Otele uğradık ve D.B.’ye malzemelerimi gösterdim. Bir iki ufak tefek takviye malzeme almaya karar verdik. Suluk, termos, uyku tulumu ve ince bir eldiven.
Yalnızca fazladan bir uyku tulumu ve termos koyduğum halde iki çantam da tıka basa. Oğlana da kendime de acıyorum. Hadi hayırlısı!..
Otelin bahçesindeki restorana oturmuş yazmaya çalışıyorum ama gözlerim kapanıyor, odaklanamıyorum.
Bu arada bazı hediyelikler de aldım. Hiç arzu etmediğim halde çantalar üçe çıktı. Dilerim fazla tartmaz. Bir de ona para vermeyelim :-(.
Yorgunluktan yürüyüşü, tırmanışı unuttum. Sabah erkenden acenteye gidip D.B. ile son bürokratik işleri halledeceğiz. Ondan sonra Cumartesi, 18 Nisan’da Lukla’ya uçacağız ve ekspedisyonumuz başlayacak…
D.B. geçenlerde çok korkan bir Alman’ı bile ite kaka çıkartmış zirveye. Tamam, bende de korku var ama artık abartmıyorum.
Şu anda yanda konuşan Amerikalı bir kızın konuşmalarına kulak misafiri oldum.
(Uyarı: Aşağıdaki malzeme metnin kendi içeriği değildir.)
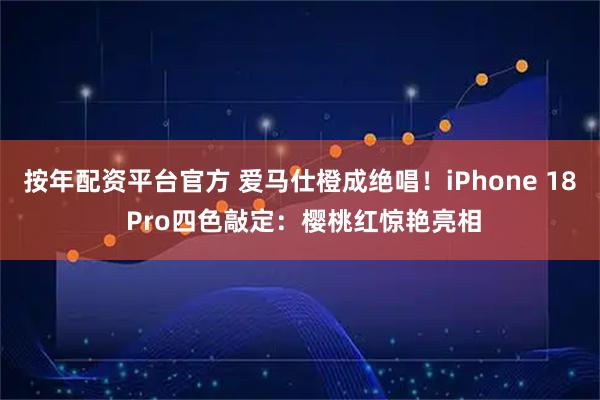 按年配资平台官方 爱马仕橙成绝唱!iPhone 18 Pro四色敲定:樱桃红惊艳亮相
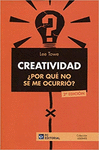 CREATIVIAD, PORQUE NO SE ME OCURRIO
Pashupatinath’taki ölü yakma olayından e-posta mesajında aynen şöyle söz etmiş; “Çok güzel, ilginç ve aynı zamanda rahatsız edici. Rahatsız eden inançlarını gerçekleştirmeleri değil çok pis akan bir nehirden sefil çocukların ganimet çıkarmaya çalışmaları…” Ne diyeyim, aklın yolu bir…
Yahu hafif olsun diye karışık meyve suyu ve balık ızgara söylemiştim. Şimdi geldi. Patlayacağım herhalde…
İşte kelek an geldi çattı. Acayip yorgun ve uykusuz olmama rağmen içimden yatmak gelmiyor. Ama ne çare ki artık tabanlarım sızlıyor ve gözlerimi açamıyorum. Daha da saat 19.30. Biraz okuyup ondan sonra uyumaya çalışsam bile en fazla 20.00 olur. Demek ki sabahın köründe uyanıp kitap okuyacağım…

17.04.2009, Cuma

15.00 - Aynen dediğim gibi oldu. Neyse ki sabahın köründe değil geceyarısı uyandım. Bir buçuk ikiye kadar kitap okuduktan sonra uyudum ve dinlenmiş olarak kalktım.
Biraz keyif yapıp sekiz buçukta kahvaltıya indim. Omlet ve çayla kahvaltımı yaptıktan sonra Asian Trekking’e gittim. Sanki bir iş varmış gibi çağırmışlar beni, meğerse yokmuş. Yani varmış ama onlara takılmama gerek olmadığını söylediler ve akşamüzeri beşte buluşmak üzere ayrıldık.
Yapabileceğim tek iş olarak fotoğraf makinemi kaptım ve Durbar Meydanı’na yöneldim. Geçen sene en az iki kez gitmiş olmama rağmen ufak bir kaybolma yaşadım. Bilmiyordum ki Anadolu insanını da buraya yanımda getirmişim. Daha baştan tüm tarifler tek yön doğrultusundaydı: Düz git… Sağ, sol, dönmek gibi kavramlar yok. Düz git… Aynen benim Anadolu’lum gibi… Kendileri bildikleri için yönü bana göre değil kendilerine göre tarif ediyorlar. Hele bir keresinde tarif neredeyse çıkmaz sokakla noktalanacaktı. Aradan bir kaçamak buldum da ana yola çıkabildim.
İnanılmaz bir kent, her yer birbirinin aynı. Bilmiyorum öğrenebilecek miyim bu kenti!.. Yüzde bir öğrensem bile yeterli olacak…
Durbar Meydanı’nda yine klasik Sadhu fotoğrafları çektim. Bir tanesi teklif etmese benim aklıma bile gelmezdi. İyi ki teklif etti de Baba Sadhu ile birkaç poz fotoğraf çektirdim…
Ayrintı fotoğraflarına da yer verdim bu sefer. Tapınakların birinde çeşitli Kama Sutra oymaları vardı. En az 10-15 tane bu oymaların fotoğraflarından yer aldı koleksiyonumda.
Otele yöneldikten sonra makinemin pili yarı yolda bitti. Yedek diye aldıklarımsa hiç çalışmadı. Eh, yapacak bir şey yok, otele geri dönmeli. Hem biraz da yoruldum. Hava da bayağı sıcak. Pilleri şarj ederken biraz dinlenir beşte de D.B. ile buluşurum.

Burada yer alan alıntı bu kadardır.